EU’s Policies and Actions on Energy Transition

Last June 5 to 10, 2014, Psychology Volunteers on Bikes External Relations Officer Monica Manluluyo attended the 2014 International Student Conference on Environment and Sustainability. The 6-day conference was held in Tongji University, Shanghai, China where experts on environment, energy, urban development and economy discussed regional and global ecological civilization and green development in the new age together with participants around the world.

mireia_pauloMireia Paulo Noguera is a Research Fellow at Fudan University Shanghai, China & Ruhr University and Bochum, Germany. She is an Expert on EU-China Relations (Financial Services, e-Governance, Environment, Civil Society). During the 2014 International Student Conference on Environment and Sustainability: Symposium on Energy Transition and Climate Change held last June 5, 2014 at Tongji University, Shanghai, China, she discussed about The European Union’s Focus on Policies and Actions regarding Climate and Energy.

There is an ongoing economic crisis around the world. In Europe, the unemployment level is rising, there is massive modernisation investment, and industrial production is -20% with the crisis back to the 1990s. In 2009, industrial production dropped to -4% and was the worst since the 1930s.

To overcome this crisis, the European Union came up with 3 key climate and energy policies: the 2020 Package, 2030 Framework and Roadmap 2050. The 2020 Package is a strategy with a 7 flagship initiative that includes 1) Smart growth: innovation union, youth on the move (Education), digital society; 2) Sustainable growth: climate, energy and mobility – resource efficient Europe, competitiveness; and 3) Inclusive growth: employment and skills and poverty reduction.

Out of the three major goals of the 2020 Strategy, EU has already achieved the reduction of Greenhouse Gas levels and the increase of renewable energy both by 20%. However, energy consumption has not yet been reduced by 20%.

There are several challenges to be considered for the 2030 Framework. The impact of the financial crisis leaves a problem in the rise of prices and the funds needed to invest in renewable that are a key project element that will lead to innovation. There is also the matter of energy import dependency and the stages of energy chain. Furthermore, there are differences between member states, and equitable burden sharing has to be ensured. On the other hand, decoupling for gross domestic product growth from GHG Emissions will continue, and through this Framework, there is an expected reduction of coal users in the EU carbon market.

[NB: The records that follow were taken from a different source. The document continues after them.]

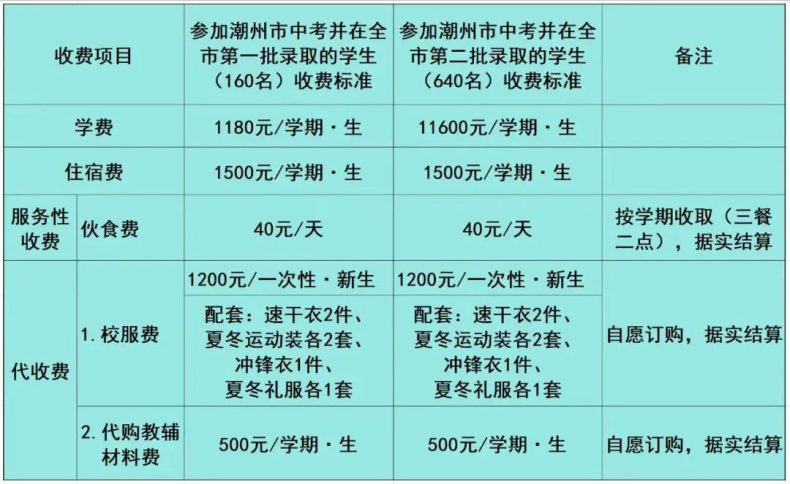 潮州市暨實高級中學2023年自主招生公告-1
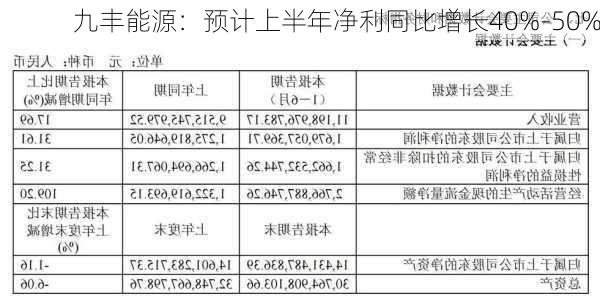 九丰能源：预计上半年净利同比增长40%-50%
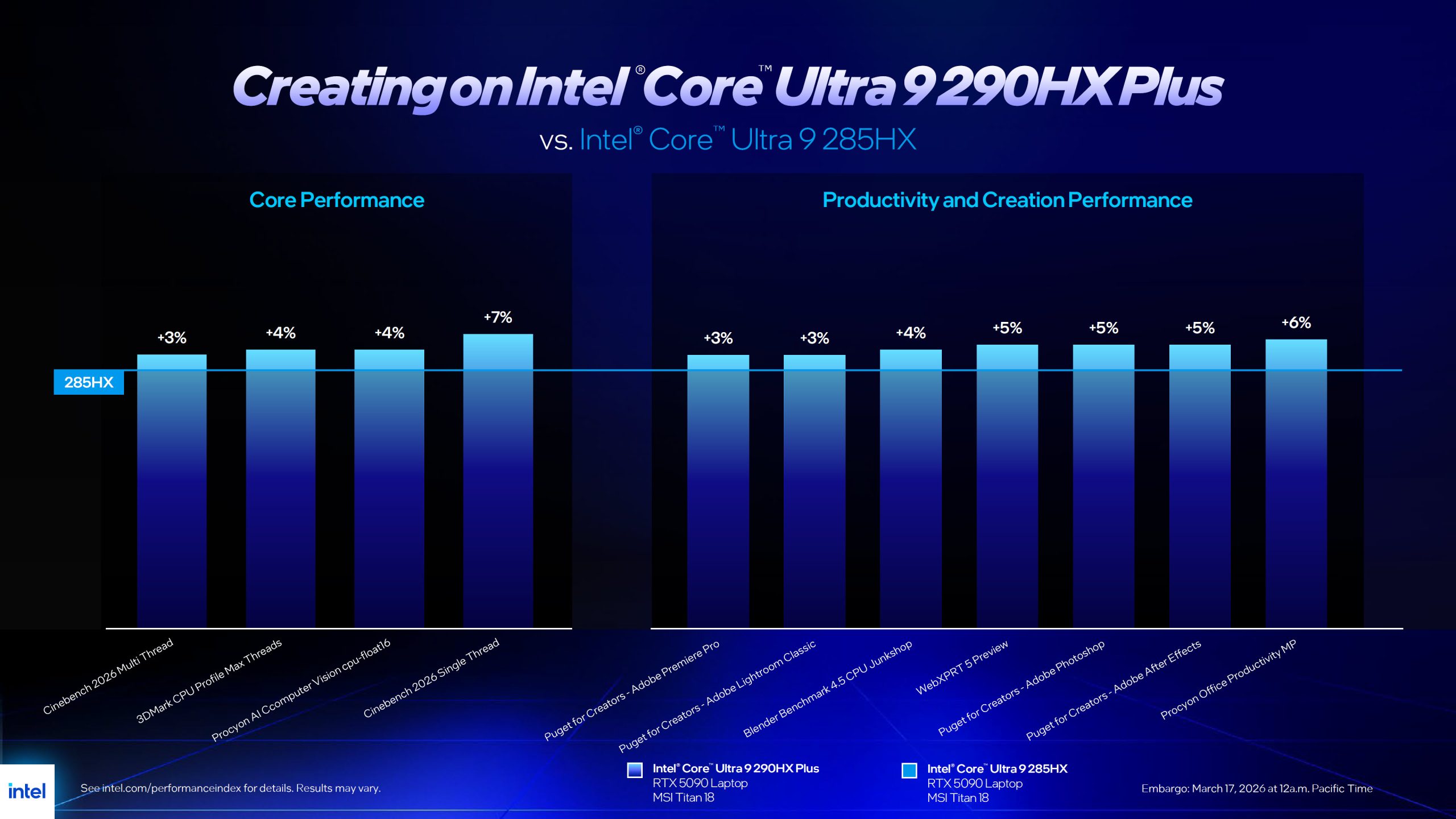 Intel Core Ultra 200Hx Plus 07 Benchmark Năng Suất Intel Core Ultra 200Hx Plus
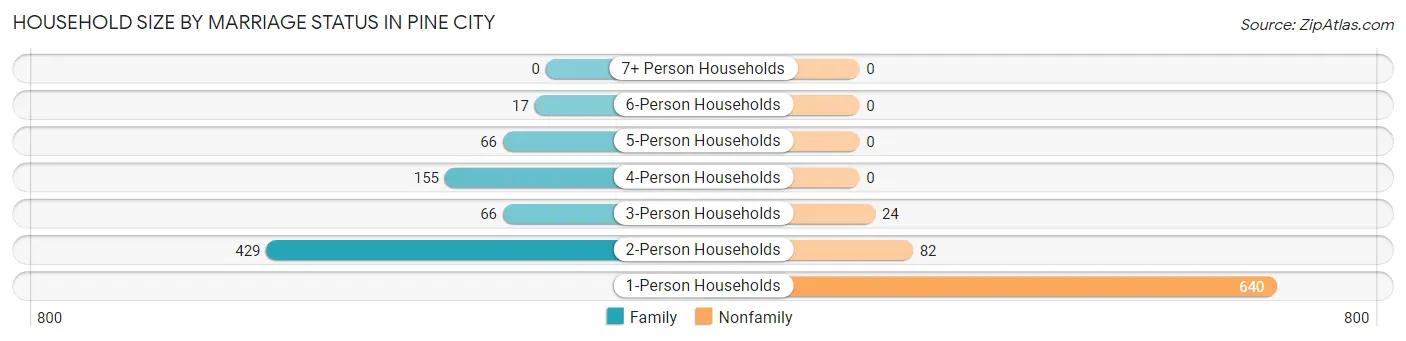 Household Size by Marriage Status in Pine City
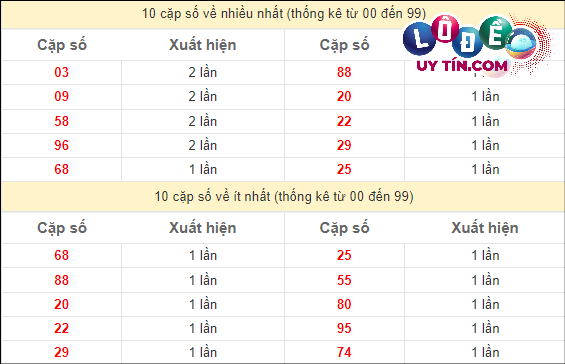 Soi Cầu XSMN 13/3/2024 - Soi Cầu Xổ Số Miền Nam 13/3/2024 Mới Nhất 3 Thống kê các cặp số đặc biệt miền Nam hay về nhất - và ít về nhất gần đây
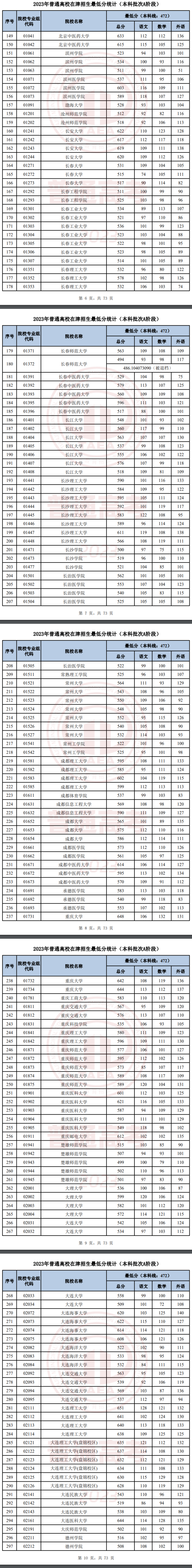 2023年天津本科A段錄取分?jǐn)?shù)線(xiàn)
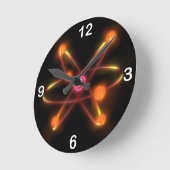 Atoomenergie Ronde Klok (Hoek)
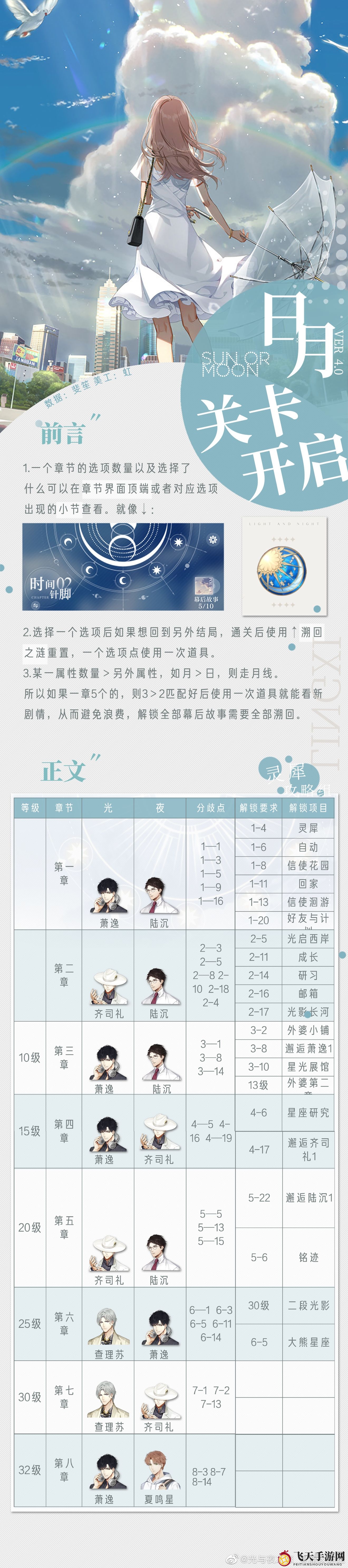 《光与夜之恋》隐藏选择完成攻略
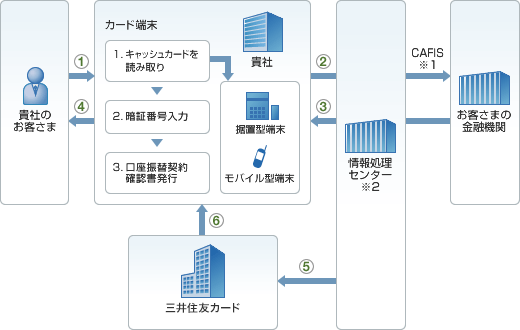 しくみ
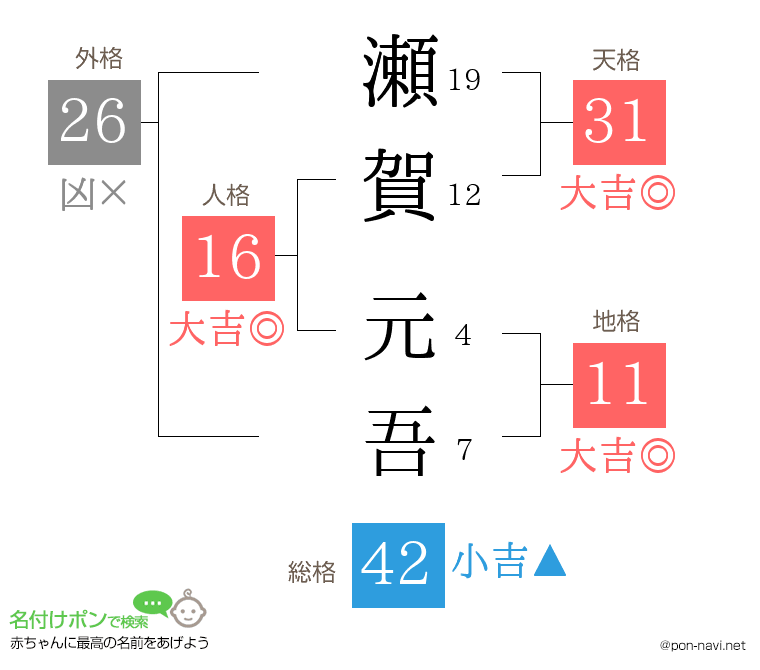 瀬賀 元吾さんの姓名判断結果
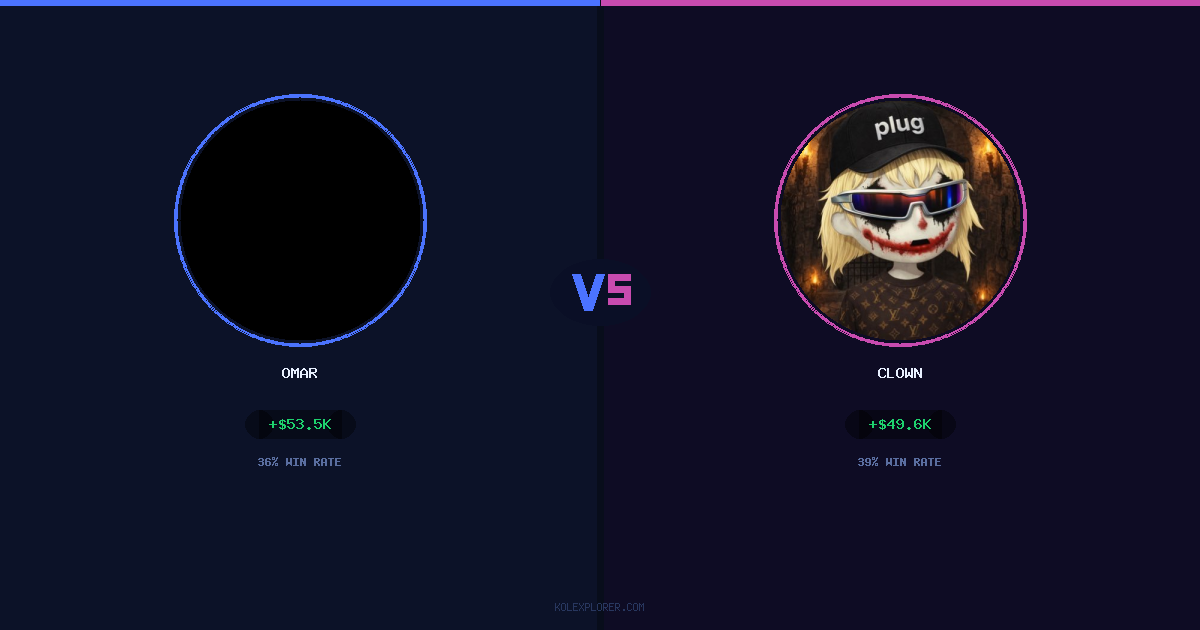 Omar vs Clown preview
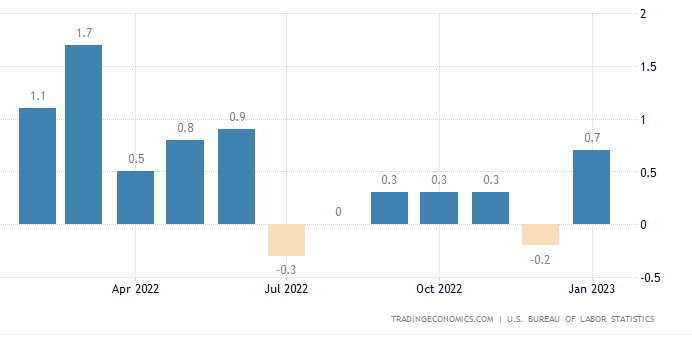 USvsHERD's tweet photo. Producer Price Inflation MoM -- Producer prices for final demand in the US increased 0.7% month-over-month in January of 2023, the most in seven months and higher than market forecasts of 0.4%. https://t.co/xqOmkLy5iC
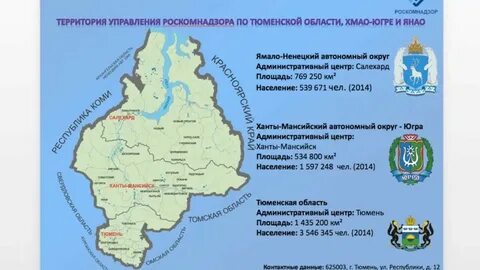 Почему хмао тюменская область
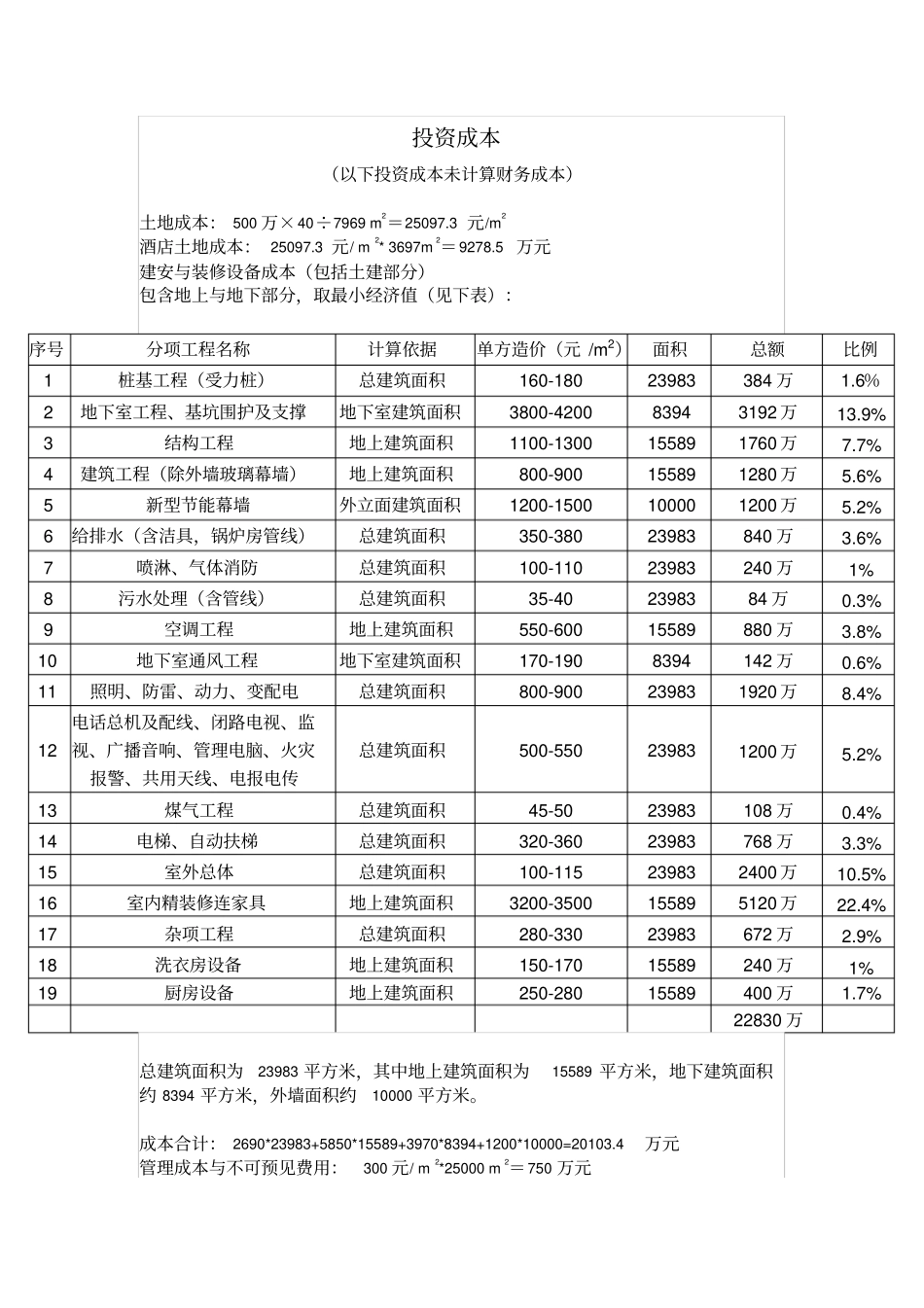 四星级酒店总投资估算表_第2页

The third program, Roadmap 2050, aims to reduce carbon dioxide emissions by 80%. The challenges to this program, however, include competitiveness in terms of price, security of supply, and environmental protection.

The need to tackle climate change cannot be delayed or negotiated away, and EU needs to maintain momentum on renewable energy to reap benefits. As the Resident Director of Friedrich-Ebert-Stiftung (FES) Shanghai, Caterina Schlager, said, “If we continue being dependent on fossil fuels, it would be like depending on world peace.”